Divergente can test its theories straight from the printers. Its founder, Kevin Czinger, and his son, Lukas, operate their hypercar business from the same complex, a futuristic glassy black cube in Torrance, California. A red 21C Czinger sits just inside the door. Behind, a gathering of assembly robots stand in a circle like sci-fi satanists preparing a ritual of UV lamps and high-tech epoxy. The rooms smell of glue and hot metal. It’s silent, with no crackle of welders or whirring drill bits, just a faint hum of electricity as banks of laser-sintering machines build chassis parts from dust, one glowing layer at a time.
Bentley keeps it old school
Across the Atlantic, in a brick building on Pyms Lane in Crewe, England, Bentley Motors balances its growing production needs with buyers’ expectations of old-fashioned craftsmanship. Tasks such as spraying the lacquer on the burl wood veneers and laying out the cut pattern on the more than 14 leather hides needed to outfit a Bentayga were left to computer brains. Polishing lacquered wood, checking hides for imperfections, and sewing intricate designs are still done by hand, partly because some things humans do even better, partly because it’s tradition.

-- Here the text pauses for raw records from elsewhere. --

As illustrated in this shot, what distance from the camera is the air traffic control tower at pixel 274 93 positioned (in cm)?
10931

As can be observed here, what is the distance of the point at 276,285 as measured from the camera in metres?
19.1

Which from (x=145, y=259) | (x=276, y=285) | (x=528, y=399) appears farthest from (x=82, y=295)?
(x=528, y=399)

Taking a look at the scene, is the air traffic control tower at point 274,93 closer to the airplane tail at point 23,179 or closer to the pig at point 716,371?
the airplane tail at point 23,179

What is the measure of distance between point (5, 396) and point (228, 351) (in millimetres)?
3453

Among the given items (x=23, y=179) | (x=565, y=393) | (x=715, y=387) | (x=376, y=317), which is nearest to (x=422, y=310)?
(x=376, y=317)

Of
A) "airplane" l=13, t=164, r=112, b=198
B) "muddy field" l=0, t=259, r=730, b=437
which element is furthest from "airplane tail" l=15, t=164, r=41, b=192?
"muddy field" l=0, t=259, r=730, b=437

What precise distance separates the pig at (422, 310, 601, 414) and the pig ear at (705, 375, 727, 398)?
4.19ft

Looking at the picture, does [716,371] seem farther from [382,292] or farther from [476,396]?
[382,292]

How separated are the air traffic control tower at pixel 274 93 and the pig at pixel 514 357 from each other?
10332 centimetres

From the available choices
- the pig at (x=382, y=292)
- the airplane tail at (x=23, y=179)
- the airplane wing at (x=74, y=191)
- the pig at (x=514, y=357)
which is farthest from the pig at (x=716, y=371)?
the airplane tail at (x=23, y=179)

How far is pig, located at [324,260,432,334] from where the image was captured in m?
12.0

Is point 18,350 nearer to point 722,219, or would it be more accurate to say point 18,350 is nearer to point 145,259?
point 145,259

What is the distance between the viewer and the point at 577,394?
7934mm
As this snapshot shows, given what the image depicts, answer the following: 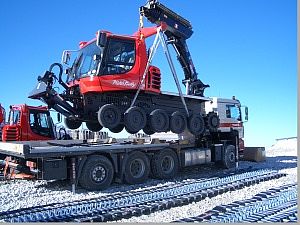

For the diehard luddite, there’s always the Mulliner Classic continuation program, which offered a dozen customers the chance to get an all-new 1929 Bentley Blower and will soon begin a Speed Six series, all traditionally built. , with brass hammers, swearing , and Earl Grey. The ’29 Blower’s spoked wheels had never been in the same room as a CNC machine, but I got the same thrill from touching them as from the wheel of the rover. When we witness creation, we can travel through space and time.
Like a late-game activated sleeper agent, Elana Scherr didn’t know her calling at a young age. Like many girls, she planned to be a vet-astronaut artist, and became close to the latter while attending UCLA art school. She painted pictures of cars, but didn’t own any. Elana reluctantly got a driver’s license at 21 and discovered not only that she loved cars and wanted to drive them, but that other people loved cars and wanted to read about them, which meant that someone one had to write about them. Since receiving the activation codes, Elana has written for numerous automotive magazines and websites, covering classics, car culture, technology, motorsports and new car reviews.